HC Deb 08 March 1881 vol 259 cc542-3

asked the Postmaster General, Whether he sanctions the extension to such assistants as are relatives of the postmaster, in whose office they are engaged, of privileges which are not accorded to those holding appointments in the service; whether he sanctions the withdrawal, partially or entirely, from telegraph duty of telegraph clerks in offices where the full number of assistants allowed for by the Department is not provided, in order that they may be employed on postal work, and thereby enable the postmaster to dispense with the assistants and absorb their salaries; whether it is not the duty of surveyors, when inspecting offices, to see that the full number of assistants is provided, and none suppressed, and also to see that these are paid at the rate fixed by the Department; does any check exist to make surveyors and their assistants perform these duties; whether he sanctions, in cases where two assistants are allowed for by the Department, the suppression of one, or the suppression of two where three are allowed for; is he aware that the work of the suppressed assistants must be discharged by telegraph clerks, in addition to their own duties; whether, also, postmasters may benefit pecuniarily to any degree by the "assistance" allowances granted to their offices, other than that which they reap by having relatives appointed to assistantships; and, whether it is permissible to postmasters to derive any pecuniary benefit from the allowances made to their offices by not devoting these allowances to the objects for which they are voted?
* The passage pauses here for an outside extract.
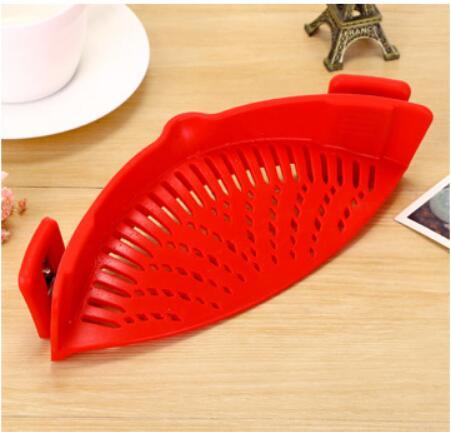 Silicone Clip-On Funnel & Strainer – Fits All Pots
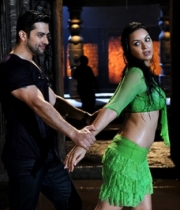 grand-masti-movie-hot-gallery-latest-6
I conclude, Sir, from the series of divisions contained in the Question which has been addressed to me by the hon. Member for Cavan (Mr. Biggar), that he believes that at some post-offices work which ought to be done by the assistants, who are paid out of a lump sum given to the postmasters to provide such assistance, is imposed on telegraphists or other established officers of the Department, and that in this way the postmasters are able to appropriate money which is intended for the payment of their assistants. I can only say that if such practices prevail, I should regard them as grave irregularities, which ought at once to be put a stop to. Such irregularities have not been reported to me. I shall be much obliged if the hon. Member will give me the names of any offices at which he considers that the irregularities in question exist, in order that an investigation may at once be instituted.